Activity:
Without the pictures, copy all the entries below exactly.
+++ Working data +++
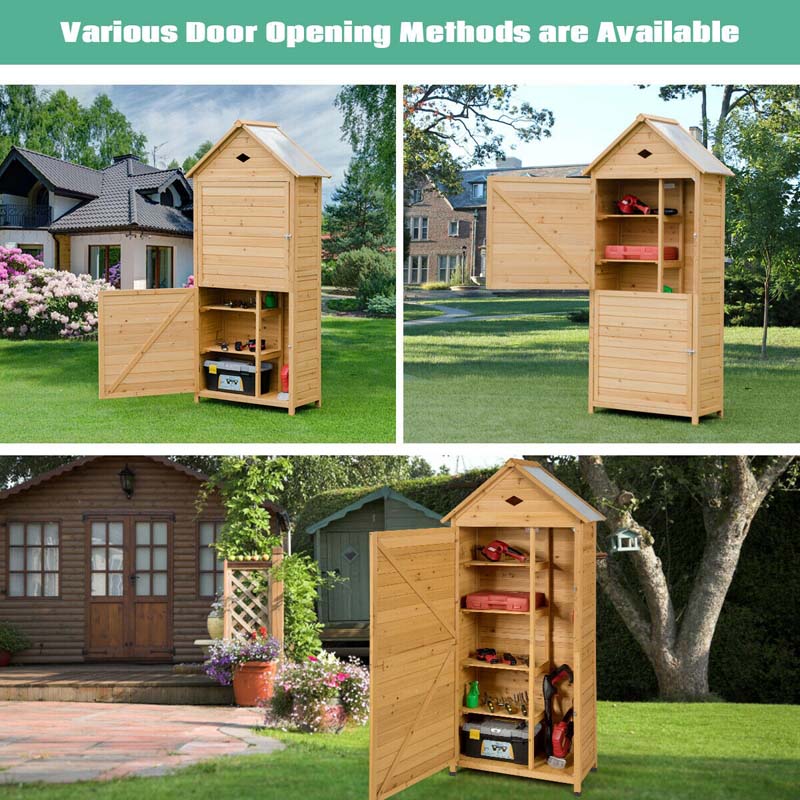 63" Wood Outdoor Storage Shed Lockable Garden Tools Storage Cabinet with 5 Shelves, Galvanized Sheet Roof - image 16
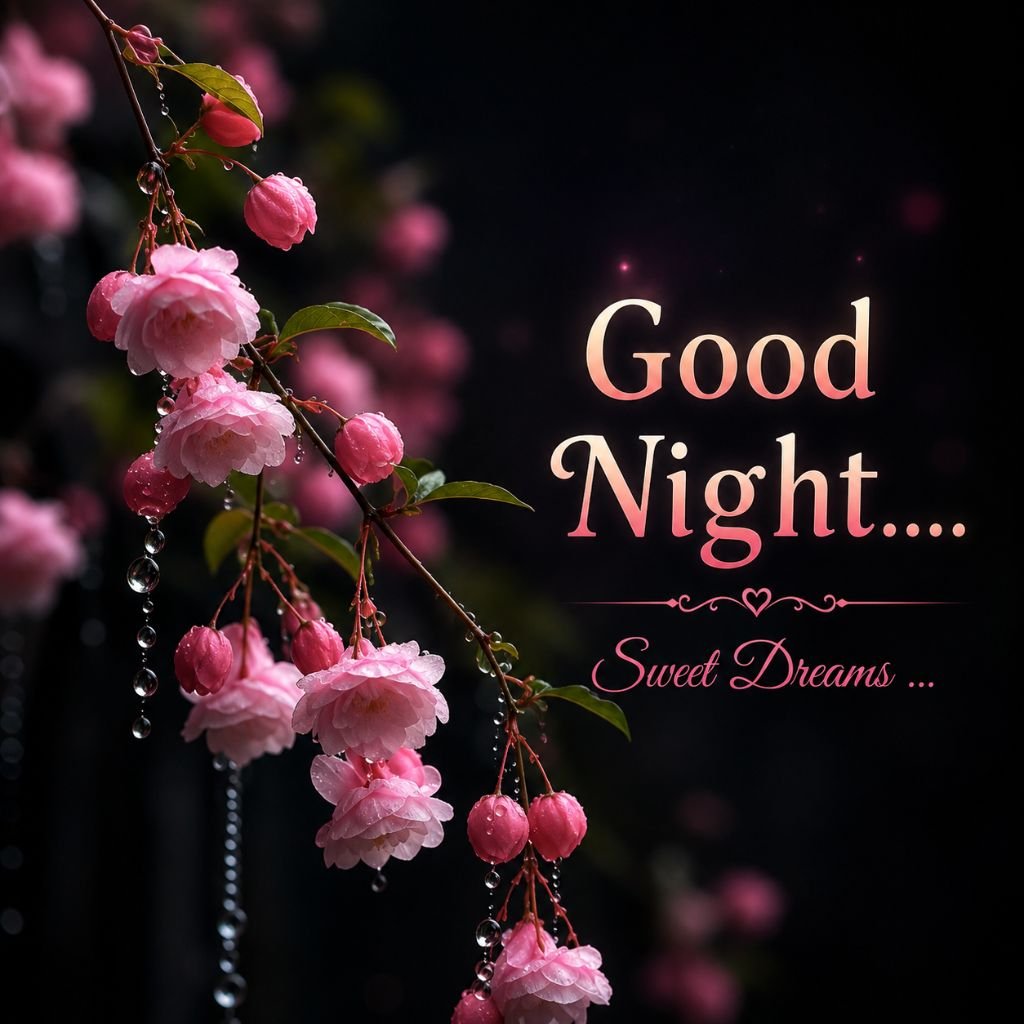 good night pictures with flowers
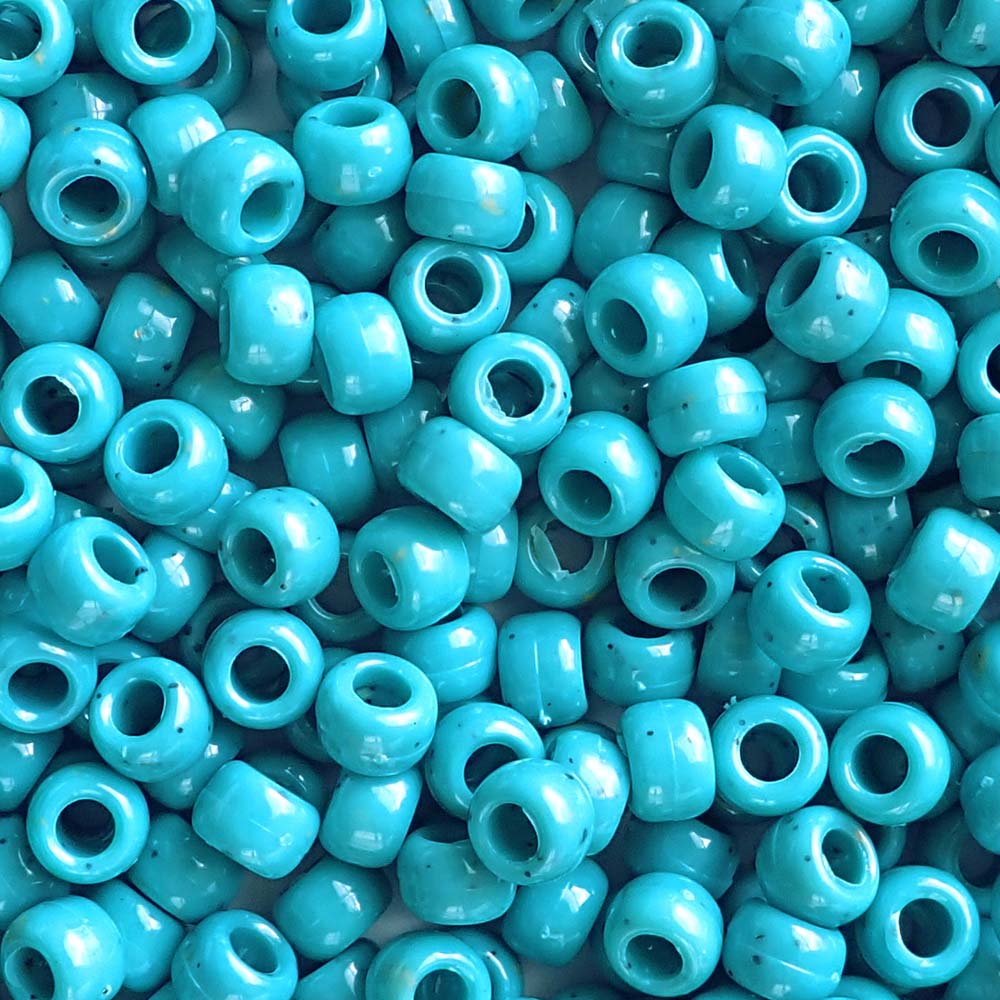 Blue Turquoise Plastic Pony Beads. Size 6 x 9 mm. Craft Beads. Made in the USA.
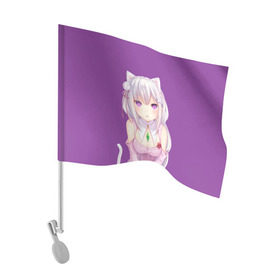 Флаг для автомобиля с принтом Emilia , 100% полиэстер | Размер: 30*21 см | emilia | re zero | rezero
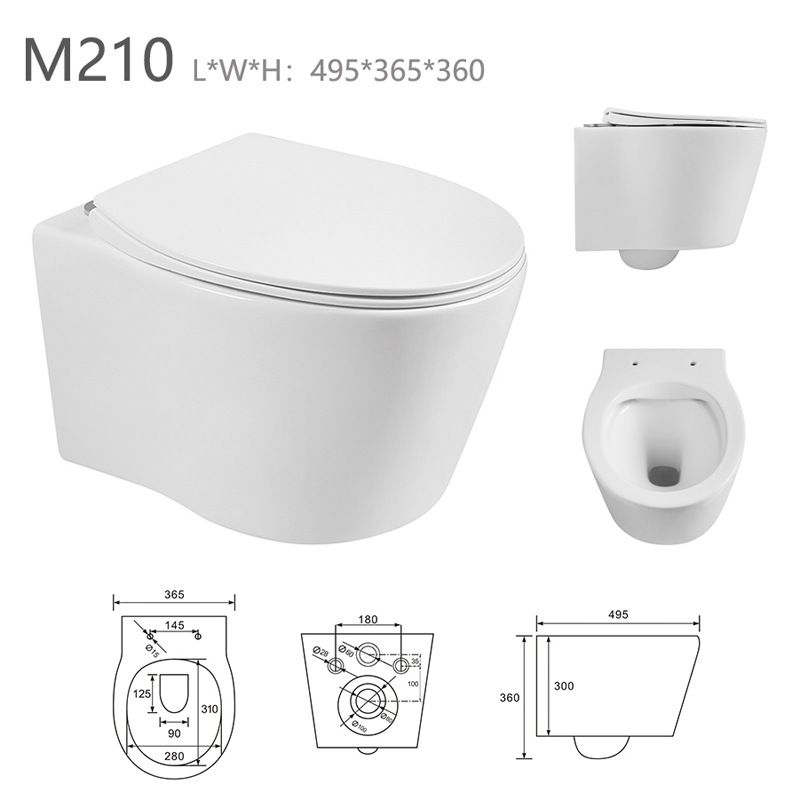 Factory Direct Sales Ceramic Toilet Standard Wall-Mounted Toilet Wall-Mounted Toilet American Wall-Mounted Toilet M207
+++
Solution to the problem:
 63" Wood Outdoor Storage Shed Lockable Garden Tools Storage Cabinet with 5 Shelves, Galvanized Sheet Roof - image 16
 good night pictures with flowers
 Blue Turquoise Plastic Pony Beads. Size 6 x 9 mm. Craft Beads. Made in the USA.
 Флаг для автомобиля с принтом Emilia , 100% полиэстер | Размер: 30*21 см | emilia | re zero | rezero
 Factory Direct Sales Ceramic Toilet Standard Wall-Mounted Toilet Wall-Mounted Toilet American Wall-Mounted Toilet M207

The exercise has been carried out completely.